Tuesday 16 October 2012

BA4 Contextual Studies: Creating Coherent Worlds #02


Games Telling Stories?
By Jesper Juul
We were asked to read an article by Jesper Juul on the narrative structure and rules for games. I will paste certain parts of the article that I find interesting or helpful and I will try to make some notes on them. 


  • 1)We use narratives for everything. 2) Most games feature narrative introductions and back-stories. 3) Games share some traits with narratives.
    Without narrative, there wouldn’t be any flow or  drive to pursue the game.
  • 1) Games are not part of the narrative media ecology formed by movies, novels, and theatre. 2) Time in games works differently than in narratives. 3) The relation between the reader/viewer and the story world is different than the relation between the player and the game world.
    I believe this stems from the view of non players of games who believe it that you can never be as fully immersed in a game story/world as opposed to a book or film almost as if they aren’t even a form of legit storytelling.
  • The primary thing that encourages the player to connect game and movie is the title "Star Wars" on the machine and on the screen.

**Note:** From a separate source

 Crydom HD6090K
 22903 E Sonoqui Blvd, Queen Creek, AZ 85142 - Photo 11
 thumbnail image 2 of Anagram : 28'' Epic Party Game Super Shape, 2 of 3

If we imagine the title removed from the game, the connection would not be at all obvious.
    There needs to be a strong correlation between a film narrative structure and a video game narrative structure (and vice versa) for the player/viewer to understand and follow the narrative itself.
  • Now, not just in the sense that the viewer witnesses events now, but in the sense that the events are happening now, and that what comes next is not yet determined.

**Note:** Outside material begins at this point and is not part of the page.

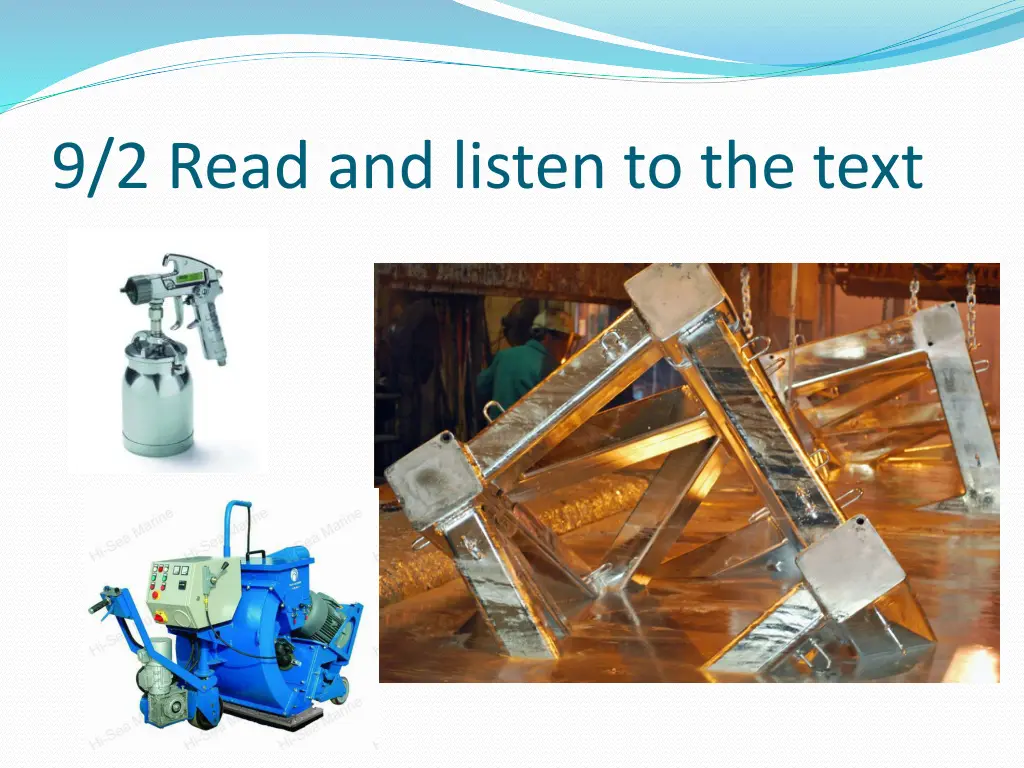 9 2 read and listen to the text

    Narrative in film, novels and other non game related media has a sense of “now” to its tense where as a game often does not, or can at least drastically change the tense in ways other media does not.
  • […]you cannot have interactivity and narration at the same time. And this means in practice that games almost never perform basic narrative operations like flashback and flash forward. Games are almost always chronological.
    Flashbacks/forwards and cut scenes in games are set up for the player and almost give away no narrative elements. They are always chronological with the events that unfold and they can not be interpreted in another way.
  • The reader/viewer need an emotional motivation for investing energy in the movie or book; we need a human actant to identify with. This is probably also true for the computer game, only this actant is always present - it is the player.
    The viewer needs something to become emotionally invested in to feel the full effects of narrative.
  • The difference between the now in narratives and the now in games is that first now concerns the situation where the reader's effort in interpreting obscures the story - the text becomes all discourse, and consequently the temporal tensions ease. The now of the game means that story time converge with playing time, without the story/game world disappearing.
    I picked this out because I thought it  made sense when I read it but now I am not so sure. I think it means that in game, the player controls time throughout the narrative structure and that this in itself is NOT narrative structure because it is being controlled by the player whereas in books the reader is given a tense and time frame to grasp when reading the story so the narrative unfolds itself. I am probably very wrong –sad face-.
  • Narratives are basically interpretative, whereas games are formal.
    I think this means that games force the player down a formal narrative path whereas the reader/viewer of other media is interpreted from the material given under strict narrative structure.